▶ **WORK ITEM**
Copy each line of the entries that includes the word "left".

Caption-style text data:

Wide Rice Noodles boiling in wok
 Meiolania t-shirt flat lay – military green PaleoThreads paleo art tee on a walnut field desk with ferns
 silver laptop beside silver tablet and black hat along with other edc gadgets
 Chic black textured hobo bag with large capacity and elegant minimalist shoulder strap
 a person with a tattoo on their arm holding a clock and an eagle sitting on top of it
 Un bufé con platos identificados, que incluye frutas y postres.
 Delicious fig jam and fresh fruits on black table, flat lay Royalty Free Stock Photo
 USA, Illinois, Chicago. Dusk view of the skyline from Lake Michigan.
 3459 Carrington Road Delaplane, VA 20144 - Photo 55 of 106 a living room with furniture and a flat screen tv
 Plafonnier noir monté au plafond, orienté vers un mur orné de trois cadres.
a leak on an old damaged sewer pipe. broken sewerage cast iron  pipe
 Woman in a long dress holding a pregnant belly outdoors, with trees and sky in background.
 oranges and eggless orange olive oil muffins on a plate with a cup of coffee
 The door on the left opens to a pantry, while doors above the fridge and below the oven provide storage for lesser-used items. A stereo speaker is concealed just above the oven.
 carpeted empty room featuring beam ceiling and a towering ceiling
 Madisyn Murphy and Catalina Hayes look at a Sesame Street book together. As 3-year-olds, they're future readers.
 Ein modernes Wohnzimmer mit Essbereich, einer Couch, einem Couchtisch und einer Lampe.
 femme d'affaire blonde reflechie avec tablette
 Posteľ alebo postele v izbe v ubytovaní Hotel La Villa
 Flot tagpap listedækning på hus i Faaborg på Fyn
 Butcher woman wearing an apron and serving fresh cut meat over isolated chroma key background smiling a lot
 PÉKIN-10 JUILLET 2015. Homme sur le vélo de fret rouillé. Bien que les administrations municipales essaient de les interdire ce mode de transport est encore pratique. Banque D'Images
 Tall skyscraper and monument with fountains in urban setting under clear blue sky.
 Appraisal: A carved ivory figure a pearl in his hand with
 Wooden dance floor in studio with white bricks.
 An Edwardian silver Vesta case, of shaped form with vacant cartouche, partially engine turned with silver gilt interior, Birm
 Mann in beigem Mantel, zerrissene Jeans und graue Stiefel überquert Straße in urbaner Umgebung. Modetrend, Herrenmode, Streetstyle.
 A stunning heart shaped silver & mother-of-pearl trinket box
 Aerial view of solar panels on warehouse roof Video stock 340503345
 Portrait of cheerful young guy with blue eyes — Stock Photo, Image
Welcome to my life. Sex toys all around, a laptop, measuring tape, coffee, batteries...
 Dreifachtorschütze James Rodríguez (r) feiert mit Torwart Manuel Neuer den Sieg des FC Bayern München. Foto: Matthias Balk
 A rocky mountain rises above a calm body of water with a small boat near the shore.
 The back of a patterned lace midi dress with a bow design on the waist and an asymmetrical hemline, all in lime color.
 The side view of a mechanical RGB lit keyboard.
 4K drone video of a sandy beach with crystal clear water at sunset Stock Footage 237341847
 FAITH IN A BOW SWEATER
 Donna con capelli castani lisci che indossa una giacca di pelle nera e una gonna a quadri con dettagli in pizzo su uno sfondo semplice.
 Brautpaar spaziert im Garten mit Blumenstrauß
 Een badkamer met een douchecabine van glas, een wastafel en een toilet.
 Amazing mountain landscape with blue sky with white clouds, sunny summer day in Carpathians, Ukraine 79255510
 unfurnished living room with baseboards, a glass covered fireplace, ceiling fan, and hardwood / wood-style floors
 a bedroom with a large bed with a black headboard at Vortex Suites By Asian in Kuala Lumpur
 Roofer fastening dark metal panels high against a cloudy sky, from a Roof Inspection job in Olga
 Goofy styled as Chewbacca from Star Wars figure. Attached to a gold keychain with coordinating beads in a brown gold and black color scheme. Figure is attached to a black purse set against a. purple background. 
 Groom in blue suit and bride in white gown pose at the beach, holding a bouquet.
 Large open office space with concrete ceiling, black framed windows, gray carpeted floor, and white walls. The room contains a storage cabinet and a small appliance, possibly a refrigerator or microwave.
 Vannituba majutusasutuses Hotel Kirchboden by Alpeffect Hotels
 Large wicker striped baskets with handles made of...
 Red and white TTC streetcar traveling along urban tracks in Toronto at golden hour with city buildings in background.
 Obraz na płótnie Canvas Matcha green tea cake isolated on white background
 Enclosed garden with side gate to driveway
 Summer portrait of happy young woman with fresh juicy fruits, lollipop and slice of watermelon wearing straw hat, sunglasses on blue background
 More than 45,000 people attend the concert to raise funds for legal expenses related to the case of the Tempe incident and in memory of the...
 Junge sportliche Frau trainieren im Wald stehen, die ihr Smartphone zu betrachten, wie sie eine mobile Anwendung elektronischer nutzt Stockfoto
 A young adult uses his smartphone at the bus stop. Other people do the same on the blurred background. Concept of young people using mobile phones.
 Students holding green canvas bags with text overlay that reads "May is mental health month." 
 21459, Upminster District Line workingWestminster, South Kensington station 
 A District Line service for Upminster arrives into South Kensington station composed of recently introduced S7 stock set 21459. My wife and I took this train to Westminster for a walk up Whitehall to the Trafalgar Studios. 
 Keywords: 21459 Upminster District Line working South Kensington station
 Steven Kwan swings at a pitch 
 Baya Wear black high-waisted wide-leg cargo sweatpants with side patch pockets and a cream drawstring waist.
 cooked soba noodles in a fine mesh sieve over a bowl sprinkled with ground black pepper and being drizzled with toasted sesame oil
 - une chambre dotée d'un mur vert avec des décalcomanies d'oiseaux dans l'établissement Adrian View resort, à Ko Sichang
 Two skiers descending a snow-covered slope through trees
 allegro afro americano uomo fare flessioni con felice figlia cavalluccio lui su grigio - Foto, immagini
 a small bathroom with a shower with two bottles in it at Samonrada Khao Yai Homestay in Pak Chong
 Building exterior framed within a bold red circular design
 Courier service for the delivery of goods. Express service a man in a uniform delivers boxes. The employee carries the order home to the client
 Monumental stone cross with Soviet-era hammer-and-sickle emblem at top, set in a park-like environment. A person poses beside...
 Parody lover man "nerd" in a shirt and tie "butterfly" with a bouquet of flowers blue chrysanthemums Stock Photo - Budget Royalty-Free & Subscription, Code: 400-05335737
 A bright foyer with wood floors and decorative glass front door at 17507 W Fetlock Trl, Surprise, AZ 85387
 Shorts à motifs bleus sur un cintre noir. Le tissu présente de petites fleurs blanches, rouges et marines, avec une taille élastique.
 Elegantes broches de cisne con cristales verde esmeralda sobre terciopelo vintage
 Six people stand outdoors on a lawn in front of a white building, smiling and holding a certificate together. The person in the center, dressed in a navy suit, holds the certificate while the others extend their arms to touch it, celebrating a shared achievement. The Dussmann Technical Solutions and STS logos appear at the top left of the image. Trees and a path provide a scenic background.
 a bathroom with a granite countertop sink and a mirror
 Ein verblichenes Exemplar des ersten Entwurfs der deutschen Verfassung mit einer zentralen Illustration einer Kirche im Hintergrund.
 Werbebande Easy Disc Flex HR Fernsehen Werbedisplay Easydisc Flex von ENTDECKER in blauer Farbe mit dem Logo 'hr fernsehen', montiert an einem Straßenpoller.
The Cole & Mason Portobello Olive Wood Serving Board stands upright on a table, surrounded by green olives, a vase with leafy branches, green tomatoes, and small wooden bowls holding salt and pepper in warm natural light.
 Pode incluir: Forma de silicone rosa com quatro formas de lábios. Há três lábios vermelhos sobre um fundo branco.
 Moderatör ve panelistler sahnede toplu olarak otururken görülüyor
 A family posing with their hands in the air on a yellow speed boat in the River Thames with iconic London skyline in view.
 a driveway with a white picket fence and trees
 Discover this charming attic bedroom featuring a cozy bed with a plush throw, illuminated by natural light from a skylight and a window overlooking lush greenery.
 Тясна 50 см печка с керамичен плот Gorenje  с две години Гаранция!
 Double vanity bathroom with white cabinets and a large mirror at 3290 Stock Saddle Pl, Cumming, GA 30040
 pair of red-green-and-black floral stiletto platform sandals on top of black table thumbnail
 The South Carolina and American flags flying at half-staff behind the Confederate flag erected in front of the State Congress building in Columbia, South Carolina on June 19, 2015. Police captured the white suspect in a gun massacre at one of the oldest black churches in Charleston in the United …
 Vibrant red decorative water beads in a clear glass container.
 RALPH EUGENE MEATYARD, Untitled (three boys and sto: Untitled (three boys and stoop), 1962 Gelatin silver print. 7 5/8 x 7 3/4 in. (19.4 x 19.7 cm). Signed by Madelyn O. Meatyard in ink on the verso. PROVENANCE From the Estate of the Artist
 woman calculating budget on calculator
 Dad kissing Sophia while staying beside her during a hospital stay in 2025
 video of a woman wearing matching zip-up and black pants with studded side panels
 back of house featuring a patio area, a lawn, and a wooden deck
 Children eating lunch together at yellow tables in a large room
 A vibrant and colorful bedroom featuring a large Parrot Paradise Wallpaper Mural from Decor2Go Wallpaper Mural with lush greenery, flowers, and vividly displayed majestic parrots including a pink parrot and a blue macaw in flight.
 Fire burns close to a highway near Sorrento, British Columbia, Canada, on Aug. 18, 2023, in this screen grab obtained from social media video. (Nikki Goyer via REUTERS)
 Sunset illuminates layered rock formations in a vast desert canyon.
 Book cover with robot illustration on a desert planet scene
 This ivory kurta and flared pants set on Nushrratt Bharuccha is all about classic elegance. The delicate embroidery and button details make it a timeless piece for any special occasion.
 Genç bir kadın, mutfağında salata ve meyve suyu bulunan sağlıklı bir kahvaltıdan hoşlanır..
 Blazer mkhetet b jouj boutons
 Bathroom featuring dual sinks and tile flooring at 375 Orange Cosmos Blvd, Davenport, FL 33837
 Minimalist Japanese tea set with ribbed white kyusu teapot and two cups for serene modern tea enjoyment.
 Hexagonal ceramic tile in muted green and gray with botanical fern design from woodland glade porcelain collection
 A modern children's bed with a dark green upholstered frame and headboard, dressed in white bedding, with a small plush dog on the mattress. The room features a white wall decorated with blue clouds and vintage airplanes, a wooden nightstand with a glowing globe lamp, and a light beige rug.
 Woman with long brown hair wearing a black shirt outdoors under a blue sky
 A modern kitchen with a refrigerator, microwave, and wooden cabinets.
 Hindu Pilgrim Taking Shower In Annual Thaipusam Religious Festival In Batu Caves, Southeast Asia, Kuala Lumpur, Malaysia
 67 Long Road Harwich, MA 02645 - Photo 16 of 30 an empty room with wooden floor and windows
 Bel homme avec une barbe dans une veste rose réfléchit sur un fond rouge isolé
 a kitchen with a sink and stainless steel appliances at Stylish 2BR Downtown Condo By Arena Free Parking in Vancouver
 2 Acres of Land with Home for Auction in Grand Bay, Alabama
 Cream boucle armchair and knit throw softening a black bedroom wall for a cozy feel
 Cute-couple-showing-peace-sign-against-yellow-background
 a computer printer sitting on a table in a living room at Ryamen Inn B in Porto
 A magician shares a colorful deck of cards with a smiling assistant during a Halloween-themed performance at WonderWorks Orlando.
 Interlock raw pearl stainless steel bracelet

▶ **EXERCISE RESULT**
 The door on the left opens to a pantry, while doors above the fridge and below the oven provide storage for lesser-used items. A stereo speaker is concealed just above the oven.
 Six people stand outdoors on a lawn in front of a white building, smiling and holding a certificate together. The person in the center, dressed in a navy suit, holds the certificate while the others extend their arms to touch it, celebrating a shared achievement. The Dussmann Technical Solutions and STS logos appear at the top left of the image. Trees and a path provide a scenic background.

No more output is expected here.